### Work task
After finding the line with "AGOLDE Camryn Denim" in the entries below, copy that line and each one after it exactly, through the last line, and omit pictures.

......

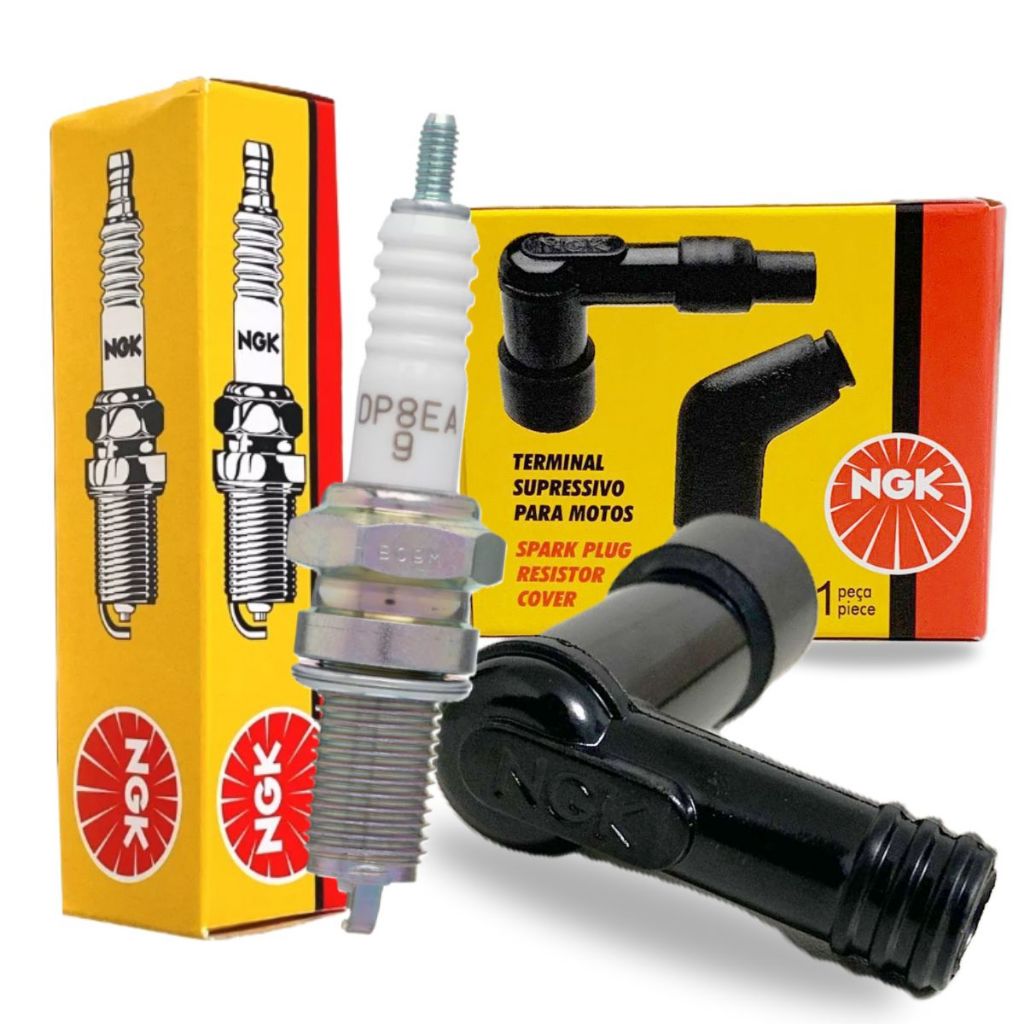 Vela e Cachimbo Ngk Cbx 200 Strada / Nx 200 / Xr 200R em Oferta na Shopee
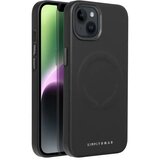 Roar kožna Mag Case maska kompatibilna s MagSafeom – za iPhone 14 Plus crna | shoptok.hr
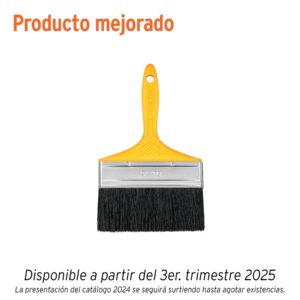 Brocha uso general de 6' con mango de plástico, PRETUL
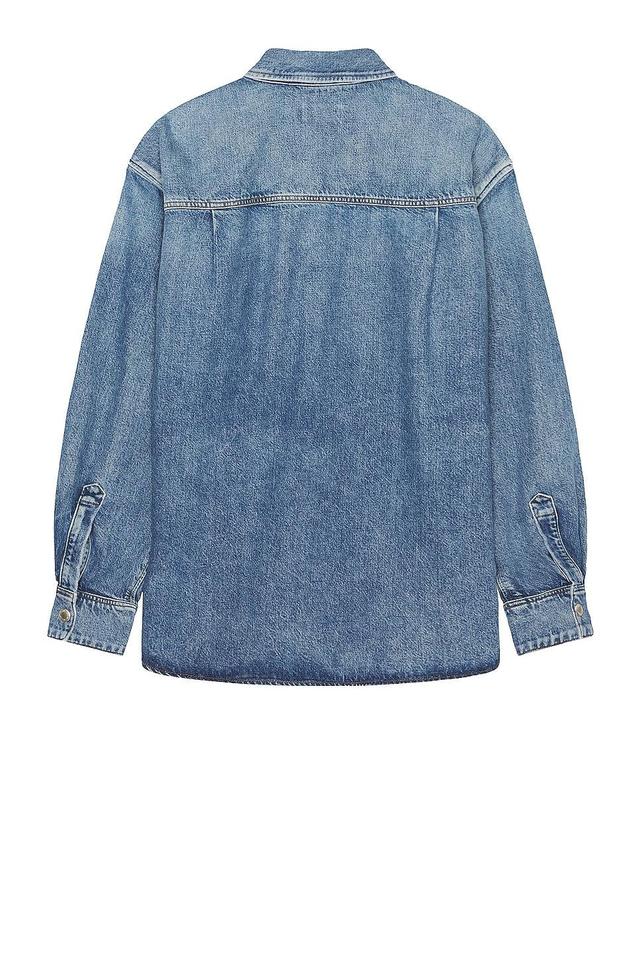 AGOLDE Camryn Denim Shirt Denim-Light. (also in ). Product Image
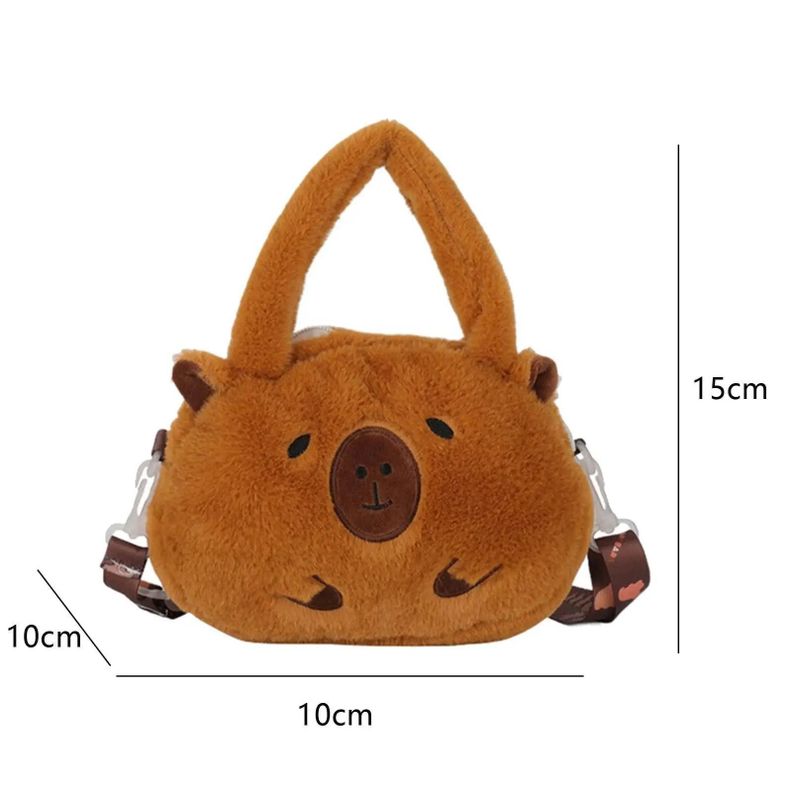Bolso Capibara de Peluche Kawaii: ¡Dulzura y Estilo-2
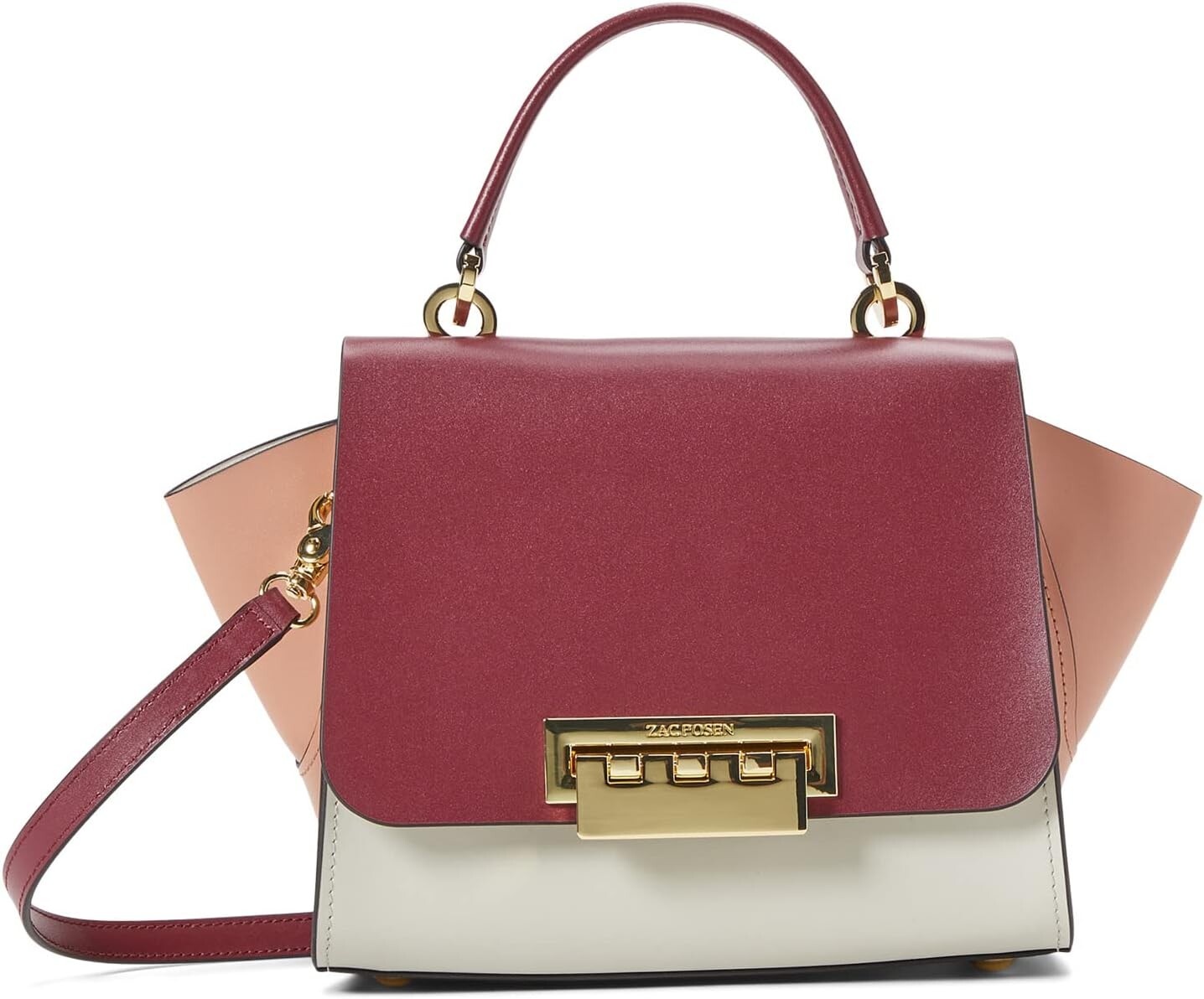 

Сумка кросс-боди ZAC Zac Posen Eartha Top-Handle Crossbody - Color-Block, цвет Cabernet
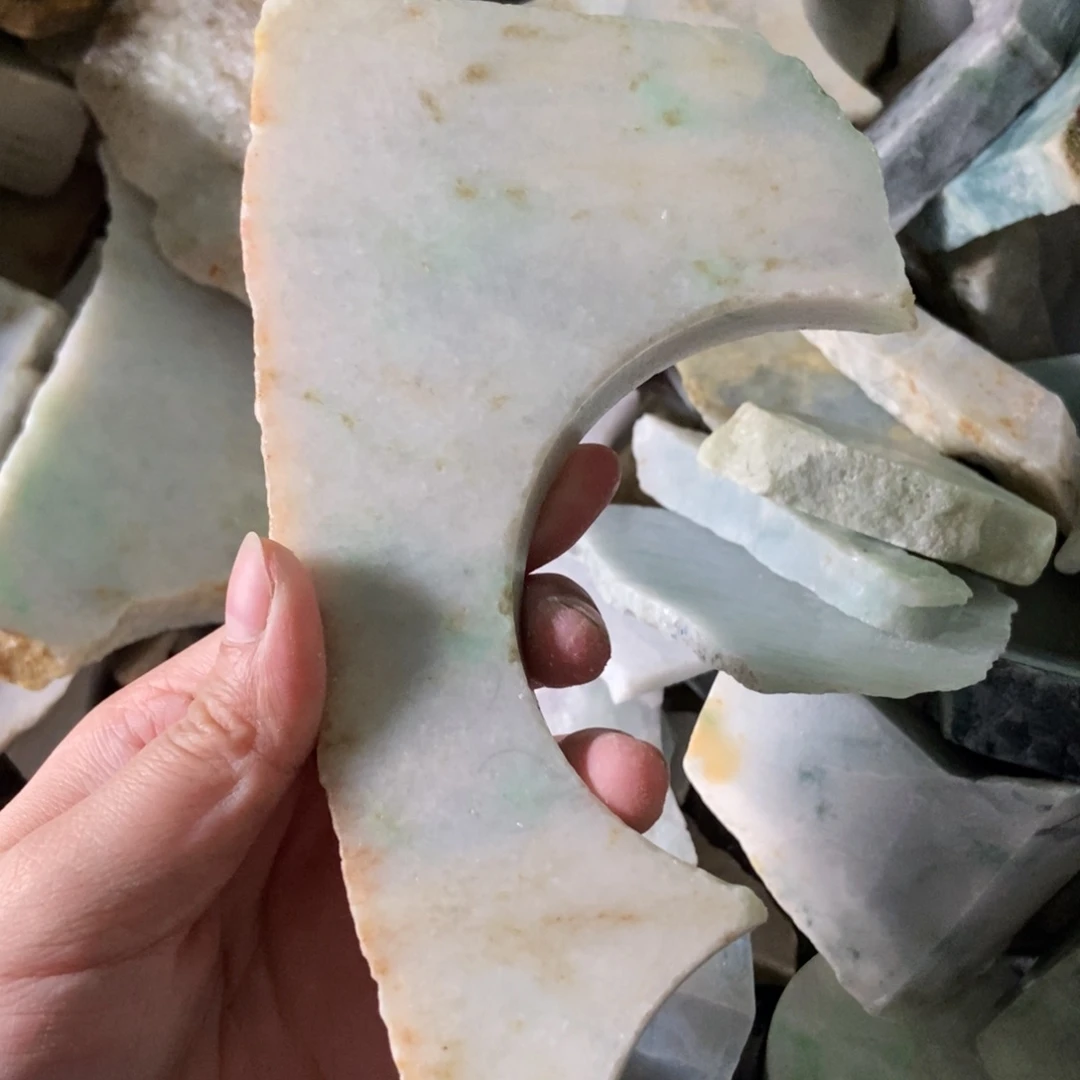 翡翠未镶嵌吊坠(不含链)天然翡翠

......

### Reply to the task
 AGOLDE Camryn Denim Shirt Denim-Light. (also in ). Product Image
Bolso Capibara de Peluche Kawaii: ¡Dulzura y Estilo-2

Сумка кросс-боди ZAC Zac Posen Eartha Top-Handle Crossbody - Color-Block, цвет Cabernet
 翡翠未镶嵌吊坠(不含链)天然翡翠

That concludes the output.